OK, sure. Let's see how long Frum can keep this take humming before collapsing under the weight of his own performance:
If Democrats want to defeat authoritarianism, they need to win the trust of people who are not necessarily politically engaged. To do that, they could do worse than to start expressing their own hot takes on sports. These shouldn’t repeat already-popular opinions as a way to seem relatable. The perfect take should be actually unpopular, counter to the consensus, and specific.
The Senate candidate James Talarico doesn’t need to run away from his meatless-taco order. Instead, he could prove that he’s a regular guy by calling into ESPN Austin to accuse the University of Texas quarterback Arch Manning of being a nepo baby who got millions of dollars just for his name. Or perhaps he could compare Jerry Jones, the Dallas Cowboys’ imperious owner, to Trump: an egotistical old man destroying a once-proud institution.
Ah, there we go. That didn't take long.
Silly as this all is, it's a good reminder of just how durable this type of neoliberal political delusion really is. Democratic politicians have been eating shit for decades by following the advice of consultants and columnists—that is, fatuous elites very much like Nathaniel Frum—who insist that a willingness to just say stuff is an effective stand-in for having genuinely held beliefs or interests, and that voters will always be too stupid to tell the difference. Simply make the right noises at them, and they will make those noises back and accept you as one of their own; once you're in office, you can do pretty much whatever to those voters, provided you're still willing and able to make those sounds in a convincing fashion.
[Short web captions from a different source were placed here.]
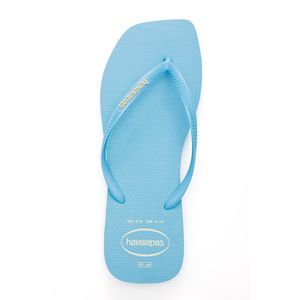 Chinelo Havaianas Slim Square Logo Pop Up Feminino Azul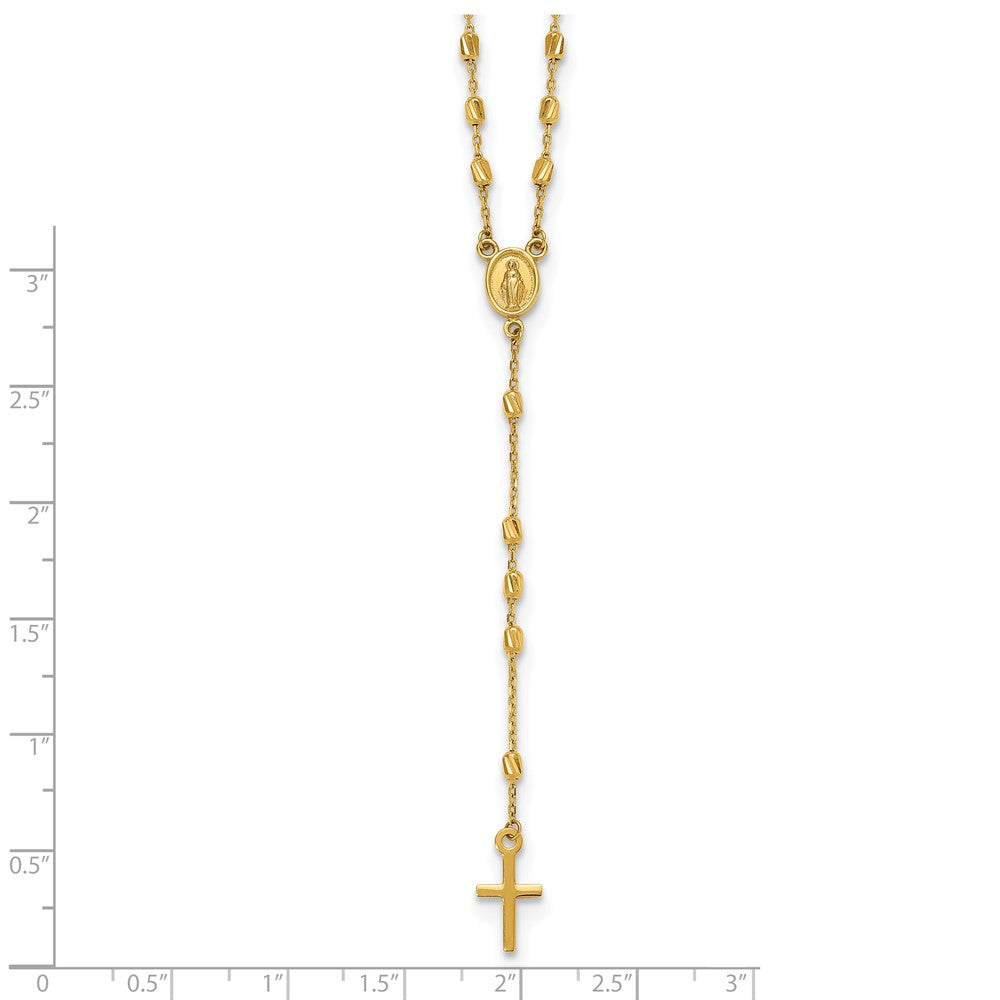 14K Yellow Gold Polished Cross and Miraculous Medal Diamond-cut Beaded 16.75 Inch Rosary Necklace with 2 Inch Extender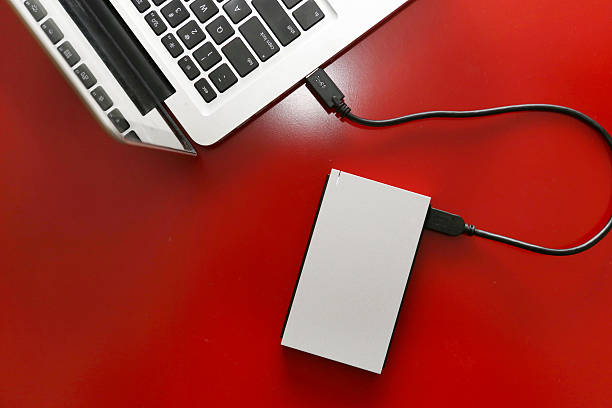 istock External hard drive connected to laptop 470100320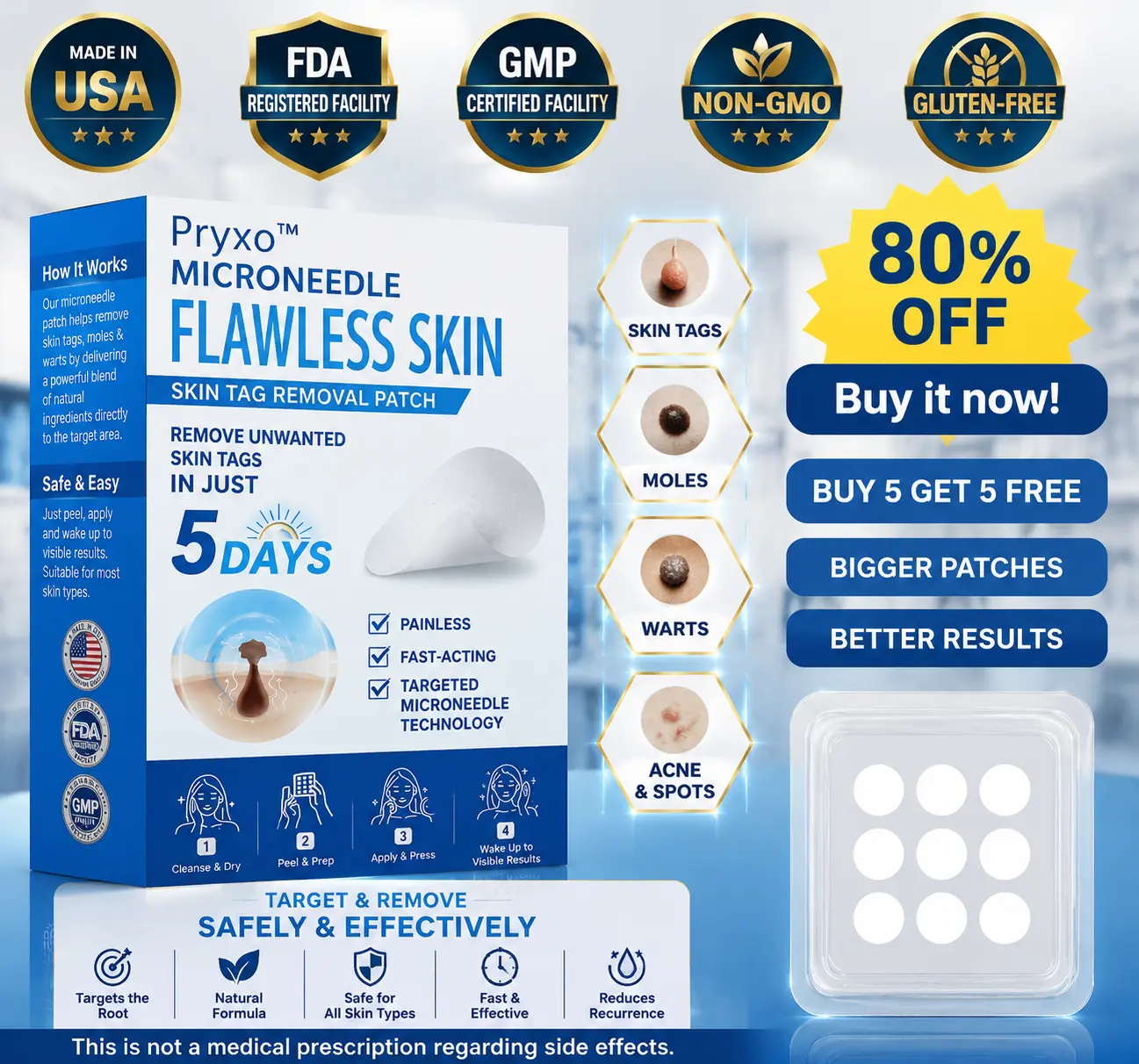 Pryxo™ 2-in-1 Microneedle & Hydrocolloid Patch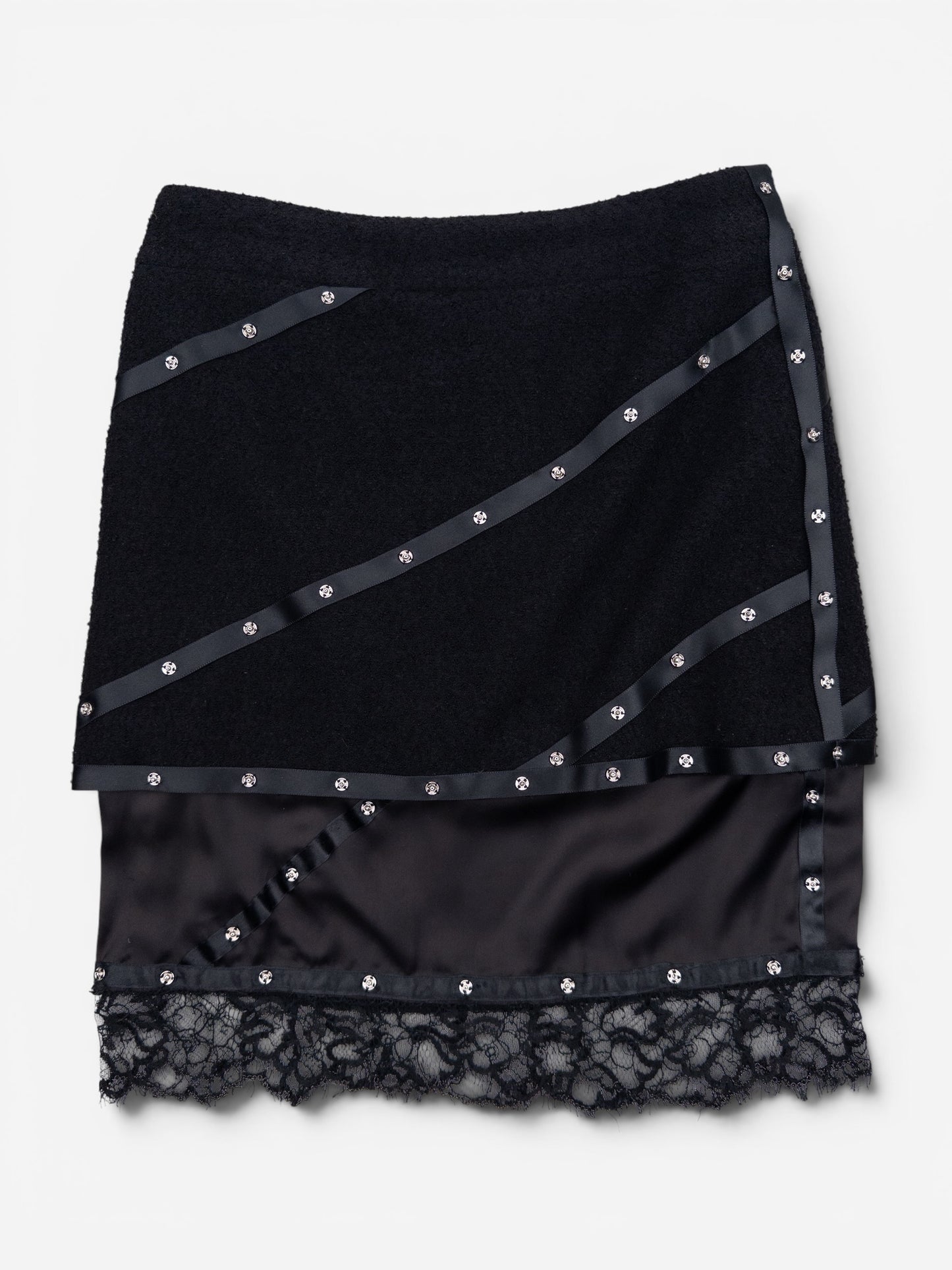 Chanel by Karl Lagerfeld AW03 Studded Tweed Boucle Lace Midi Skirt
No matter how many times this maneuver fails to work, people like Frum just keep making the same recommendations.
Even more maddening is the fact that the guys encouraging politicians to just get better at faking it are themselves horrible fakers, as evidenced by young Frum's total inability to describe what a "regular guy" might do or say. All of my normal, salt-of-the-earth, sports-loving buddies are constantly listening to "ESPN Austin." And when we get together at the sports bar—we refer to it as "the local watering hole"—we are often saying things like "Arch Manning is a nepo baby" and "Jerry Jones is Donald Trump" to all of the other regular guys, who love talking to us. They might not agree with us, they might be confused by why we're popping off with all these annoying non sequiturs, but dammit, they respect how smugly we do it. Only rarely do we get punched in the face.